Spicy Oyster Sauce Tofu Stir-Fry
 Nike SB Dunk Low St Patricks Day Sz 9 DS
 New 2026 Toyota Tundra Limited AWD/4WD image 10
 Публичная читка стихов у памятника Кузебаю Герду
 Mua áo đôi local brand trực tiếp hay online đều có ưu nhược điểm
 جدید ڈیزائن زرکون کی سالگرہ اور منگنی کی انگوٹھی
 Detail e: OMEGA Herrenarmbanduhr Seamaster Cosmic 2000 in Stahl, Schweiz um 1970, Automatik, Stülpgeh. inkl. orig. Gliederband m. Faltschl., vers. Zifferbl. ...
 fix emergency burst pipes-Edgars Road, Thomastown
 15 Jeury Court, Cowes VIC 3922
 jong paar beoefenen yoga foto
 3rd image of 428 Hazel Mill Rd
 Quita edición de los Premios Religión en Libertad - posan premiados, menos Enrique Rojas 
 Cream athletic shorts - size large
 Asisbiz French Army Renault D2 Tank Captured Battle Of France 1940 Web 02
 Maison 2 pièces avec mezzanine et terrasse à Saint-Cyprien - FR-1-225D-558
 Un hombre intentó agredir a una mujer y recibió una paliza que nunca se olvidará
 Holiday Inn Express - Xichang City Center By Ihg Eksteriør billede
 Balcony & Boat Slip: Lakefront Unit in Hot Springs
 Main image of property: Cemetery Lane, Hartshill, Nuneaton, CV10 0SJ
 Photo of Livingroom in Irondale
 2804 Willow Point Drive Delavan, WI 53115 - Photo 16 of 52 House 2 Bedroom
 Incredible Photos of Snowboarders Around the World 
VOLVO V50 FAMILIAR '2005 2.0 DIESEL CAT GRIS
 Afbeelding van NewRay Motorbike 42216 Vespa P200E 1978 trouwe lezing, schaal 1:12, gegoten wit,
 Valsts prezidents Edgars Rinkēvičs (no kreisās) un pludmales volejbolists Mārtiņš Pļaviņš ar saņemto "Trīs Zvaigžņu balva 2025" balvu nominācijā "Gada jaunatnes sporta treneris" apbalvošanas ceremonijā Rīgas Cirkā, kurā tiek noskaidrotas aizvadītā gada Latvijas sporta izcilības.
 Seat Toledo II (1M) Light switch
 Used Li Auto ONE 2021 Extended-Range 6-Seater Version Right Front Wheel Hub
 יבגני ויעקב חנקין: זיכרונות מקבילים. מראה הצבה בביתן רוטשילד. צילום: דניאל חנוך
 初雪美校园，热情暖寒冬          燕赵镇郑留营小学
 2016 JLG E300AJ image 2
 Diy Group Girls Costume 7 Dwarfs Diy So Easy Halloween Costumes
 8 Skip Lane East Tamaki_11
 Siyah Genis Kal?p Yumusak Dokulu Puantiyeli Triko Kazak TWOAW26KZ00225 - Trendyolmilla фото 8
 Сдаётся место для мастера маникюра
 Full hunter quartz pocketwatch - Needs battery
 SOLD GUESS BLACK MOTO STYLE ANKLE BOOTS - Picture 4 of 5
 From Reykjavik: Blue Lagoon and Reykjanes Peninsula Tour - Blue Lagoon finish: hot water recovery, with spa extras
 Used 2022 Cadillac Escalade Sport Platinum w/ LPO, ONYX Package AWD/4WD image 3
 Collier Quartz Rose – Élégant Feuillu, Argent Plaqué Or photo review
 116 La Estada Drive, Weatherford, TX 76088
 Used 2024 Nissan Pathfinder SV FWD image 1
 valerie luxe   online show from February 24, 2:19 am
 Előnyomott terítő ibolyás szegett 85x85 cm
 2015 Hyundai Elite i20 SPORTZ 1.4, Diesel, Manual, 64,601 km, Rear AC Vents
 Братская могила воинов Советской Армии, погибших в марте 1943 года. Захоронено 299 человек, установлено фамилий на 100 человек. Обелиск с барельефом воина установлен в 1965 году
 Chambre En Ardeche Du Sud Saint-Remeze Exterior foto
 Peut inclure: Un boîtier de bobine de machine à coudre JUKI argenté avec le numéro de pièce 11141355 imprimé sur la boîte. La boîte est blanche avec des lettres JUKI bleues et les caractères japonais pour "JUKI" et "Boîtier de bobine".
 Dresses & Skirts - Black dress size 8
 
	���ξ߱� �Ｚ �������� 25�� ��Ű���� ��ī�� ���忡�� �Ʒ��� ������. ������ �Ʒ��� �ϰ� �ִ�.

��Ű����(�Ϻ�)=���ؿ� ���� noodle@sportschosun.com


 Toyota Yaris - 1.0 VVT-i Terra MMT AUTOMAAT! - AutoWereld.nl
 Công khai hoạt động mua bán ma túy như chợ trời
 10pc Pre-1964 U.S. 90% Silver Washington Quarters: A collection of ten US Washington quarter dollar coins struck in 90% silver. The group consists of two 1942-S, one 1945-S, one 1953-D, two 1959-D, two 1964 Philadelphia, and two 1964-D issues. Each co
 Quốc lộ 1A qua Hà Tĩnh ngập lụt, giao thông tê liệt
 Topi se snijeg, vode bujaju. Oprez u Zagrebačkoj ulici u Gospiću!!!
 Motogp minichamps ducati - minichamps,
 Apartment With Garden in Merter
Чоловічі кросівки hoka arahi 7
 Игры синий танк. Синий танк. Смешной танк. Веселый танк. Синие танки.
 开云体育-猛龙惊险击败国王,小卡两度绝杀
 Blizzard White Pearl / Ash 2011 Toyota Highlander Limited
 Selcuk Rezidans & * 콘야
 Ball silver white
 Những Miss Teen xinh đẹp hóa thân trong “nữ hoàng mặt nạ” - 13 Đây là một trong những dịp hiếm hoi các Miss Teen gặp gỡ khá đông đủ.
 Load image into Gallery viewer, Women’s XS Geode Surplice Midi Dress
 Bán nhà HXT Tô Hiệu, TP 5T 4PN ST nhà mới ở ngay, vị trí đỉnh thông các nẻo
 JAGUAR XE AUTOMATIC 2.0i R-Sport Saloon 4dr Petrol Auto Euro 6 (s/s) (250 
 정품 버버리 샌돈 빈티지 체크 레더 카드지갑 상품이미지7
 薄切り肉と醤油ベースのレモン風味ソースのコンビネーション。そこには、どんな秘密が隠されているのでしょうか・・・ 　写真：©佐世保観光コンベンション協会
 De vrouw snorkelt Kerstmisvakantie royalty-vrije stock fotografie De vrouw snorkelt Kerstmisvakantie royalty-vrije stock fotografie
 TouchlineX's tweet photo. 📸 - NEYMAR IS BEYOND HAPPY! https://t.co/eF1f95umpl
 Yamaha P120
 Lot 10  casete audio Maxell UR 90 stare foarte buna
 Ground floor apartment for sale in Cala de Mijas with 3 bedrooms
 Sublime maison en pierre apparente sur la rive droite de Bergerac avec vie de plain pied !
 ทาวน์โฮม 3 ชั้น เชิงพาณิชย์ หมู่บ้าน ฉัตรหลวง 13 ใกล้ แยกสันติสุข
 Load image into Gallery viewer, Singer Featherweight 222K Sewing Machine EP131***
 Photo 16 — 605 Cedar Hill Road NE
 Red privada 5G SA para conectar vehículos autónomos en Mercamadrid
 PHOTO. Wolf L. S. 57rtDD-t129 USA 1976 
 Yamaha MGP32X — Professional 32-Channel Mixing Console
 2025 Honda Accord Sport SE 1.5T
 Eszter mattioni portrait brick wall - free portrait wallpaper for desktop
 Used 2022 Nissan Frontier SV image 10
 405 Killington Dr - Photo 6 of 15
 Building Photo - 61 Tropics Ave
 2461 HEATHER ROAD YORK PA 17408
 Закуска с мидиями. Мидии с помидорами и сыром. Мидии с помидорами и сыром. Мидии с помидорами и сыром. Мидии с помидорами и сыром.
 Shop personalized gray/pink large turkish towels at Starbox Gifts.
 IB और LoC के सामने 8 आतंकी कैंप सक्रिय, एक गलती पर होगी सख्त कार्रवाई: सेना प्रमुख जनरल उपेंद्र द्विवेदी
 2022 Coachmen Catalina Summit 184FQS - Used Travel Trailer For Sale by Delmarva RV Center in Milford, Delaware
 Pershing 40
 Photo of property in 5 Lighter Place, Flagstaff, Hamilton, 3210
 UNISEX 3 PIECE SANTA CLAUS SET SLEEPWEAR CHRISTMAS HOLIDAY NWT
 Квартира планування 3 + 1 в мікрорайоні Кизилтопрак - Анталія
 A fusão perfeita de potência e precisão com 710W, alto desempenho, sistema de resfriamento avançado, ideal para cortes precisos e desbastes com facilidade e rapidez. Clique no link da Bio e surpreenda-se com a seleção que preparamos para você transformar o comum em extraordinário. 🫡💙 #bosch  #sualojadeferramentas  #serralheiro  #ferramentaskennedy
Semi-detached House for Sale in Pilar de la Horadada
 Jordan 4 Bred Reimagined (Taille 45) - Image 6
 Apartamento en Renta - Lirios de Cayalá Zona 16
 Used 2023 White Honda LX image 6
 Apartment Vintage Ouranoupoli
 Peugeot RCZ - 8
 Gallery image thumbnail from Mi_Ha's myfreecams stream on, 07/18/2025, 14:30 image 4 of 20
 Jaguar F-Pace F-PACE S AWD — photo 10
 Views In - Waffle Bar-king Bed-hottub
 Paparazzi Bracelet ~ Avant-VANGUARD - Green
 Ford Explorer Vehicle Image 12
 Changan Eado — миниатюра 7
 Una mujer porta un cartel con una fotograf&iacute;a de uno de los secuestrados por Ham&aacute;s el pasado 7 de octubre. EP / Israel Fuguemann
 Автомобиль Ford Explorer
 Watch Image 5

### [ASSIGNMENT]
Write out the records above exactly, from the opening line to the line with "Siyah Genis Kal?p", including both, with nothing added.

### [SOLUTION FOR THIS TASK]
Spicy Oyster Sauce Tofu Stir-Fry
 Nike SB Dunk Low St Patricks Day Sz 9 DS
 New 2026 Toyota Tundra Limited AWD/4WD image 10
 Публичная читка стихов у памятника Кузебаю Герду
 Mua áo đôi local brand trực tiếp hay online đều có ưu nhược điểm
 جدید ڈیزائن زرکون کی سالگرہ اور منگنی کی انگوٹھی
 Detail e: OMEGA Herrenarmbanduhr Seamaster Cosmic 2000 in Stahl, Schweiz um 1970, Automatik, Stülpgeh. inkl. orig. Gliederband m. Faltschl., vers. Zifferbl. ...
 fix emergency burst pipes-Edgars Road, Thomastown
 15 Jeury Court, Cowes VIC 3922
 jong paar beoefenen yoga foto
 3rd image of 428 Hazel Mill Rd
 Quita edición de los Premios Religión en Libertad - posan premiados, menos Enrique Rojas 
 Cream athletic shorts - size large
 Asisbiz French Army Renault D2 Tank Captured Battle Of France 1940 Web 02
 Maison 2 pièces avec mezzanine et terrasse à Saint-Cyprien - FR-1-225D-558
 Un hombre intentó agredir a una mujer y recibió una paliza que nunca se olvidará
 Holiday Inn Express - Xichang City Center By Ihg Eksteriør billede
 Balcony & Boat Slip: Lakefront Unit in Hot Springs
 Main image of property: Cemetery Lane, Hartshill, Nuneaton, CV10 0SJ
 Photo of Livingroom in Irondale
 2804 Willow Point Drive Delavan, WI 53115 - Photo 16 of 52 House 2 Bedroom
 Incredible Photos of Snowboarders Around the World 
VOLVO V50 FAMILIAR '2005 2.0 DIESEL CAT GRIS
 Afbeelding van NewRay Motorbike 42216 Vespa P200E 1978 trouwe lezing, schaal 1:12, gegoten wit,
 Valsts prezidents Edgars Rinkēvičs (no kreisās) un pludmales volejbolists Mārtiņš Pļaviņš ar saņemto "Trīs Zvaigžņu balva 2025" balvu nominācijā "Gada jaunatnes sporta treneris" apbalvošanas ceremonijā Rīgas Cirkā, kurā tiek noskaidrotas aizvadītā gada Latvijas sporta izcilības.
 Seat Toledo II (1M) Light switch
 Used Li Auto ONE 2021 Extended-Range 6-Seater Version Right Front Wheel Hub
 יבגני ויעקב חנקין: זיכרונות מקבילים. מראה הצבה בביתן רוטשילד. צילום: דניאל חנוך
 初雪美校园，热情暖寒冬          燕赵镇郑留营小学
 2016 JLG E300AJ image 2
 Diy Group Girls Costume 7 Dwarfs Diy So Easy Halloween Costumes
 8 Skip Lane East Tamaki_11
 Siyah Genis Kal?p Yumusak Dokulu Puantiyeli Triko Kazak TWOAW26KZ00225 - Trendyolmilla фото 8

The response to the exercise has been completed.